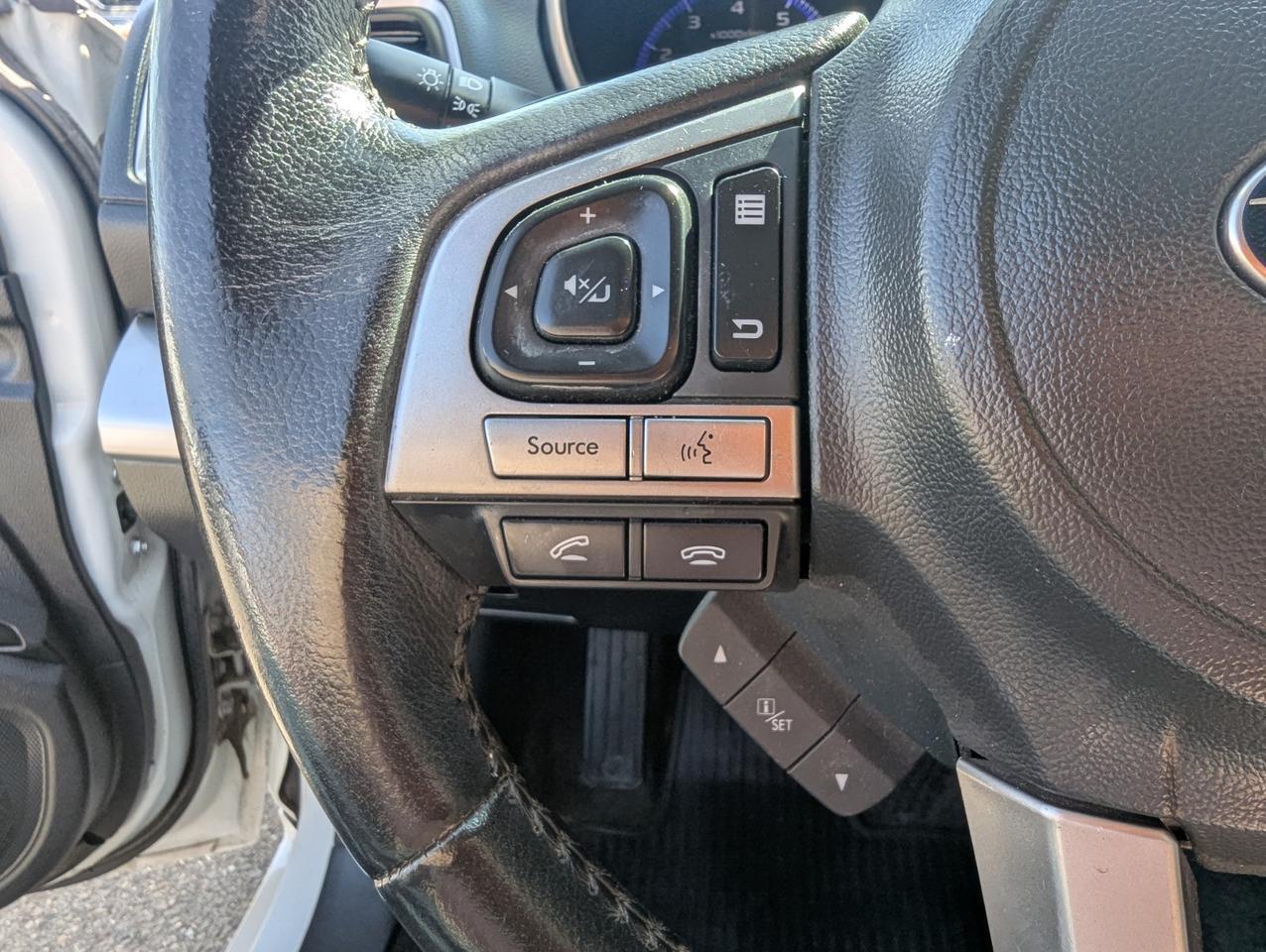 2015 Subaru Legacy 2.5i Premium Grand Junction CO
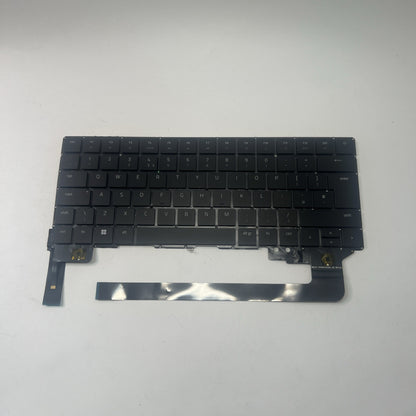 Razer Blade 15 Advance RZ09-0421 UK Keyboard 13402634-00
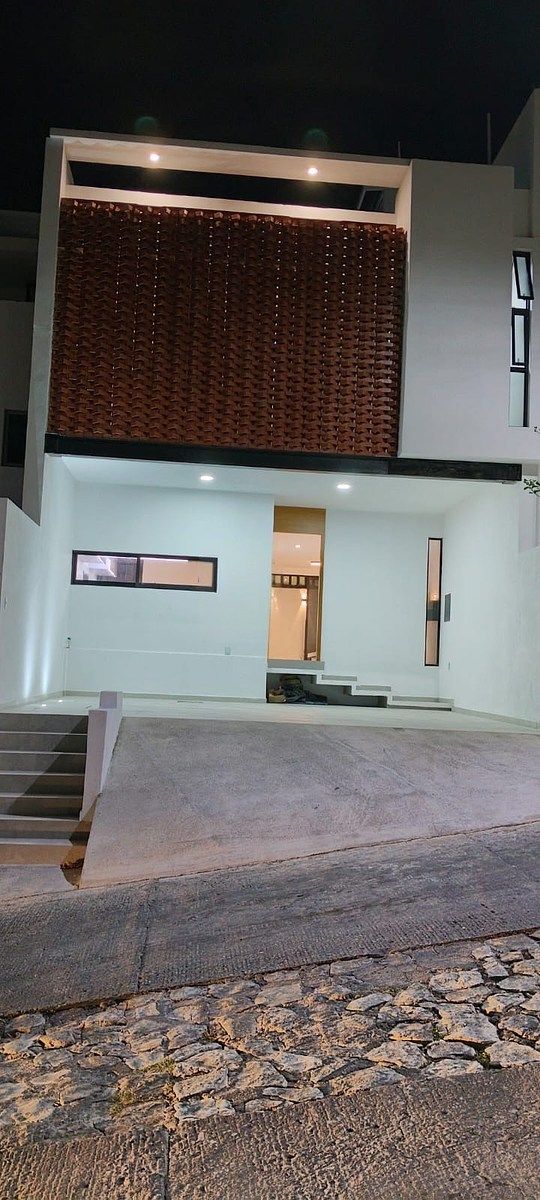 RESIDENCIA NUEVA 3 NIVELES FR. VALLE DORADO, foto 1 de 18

Your task
It would help to have the listing above repeated exactly, with all images removed.

Solution to this problem
 2015 Subaru Legacy 2.5i Premium Grand Junction CO
 Razer Blade 15 Advance RZ09-0421 UK Keyboard 13402634-00
 RESIDENCIA NUEVA 3 NIVELES FR. VALLE DORADO, foto 1 de 18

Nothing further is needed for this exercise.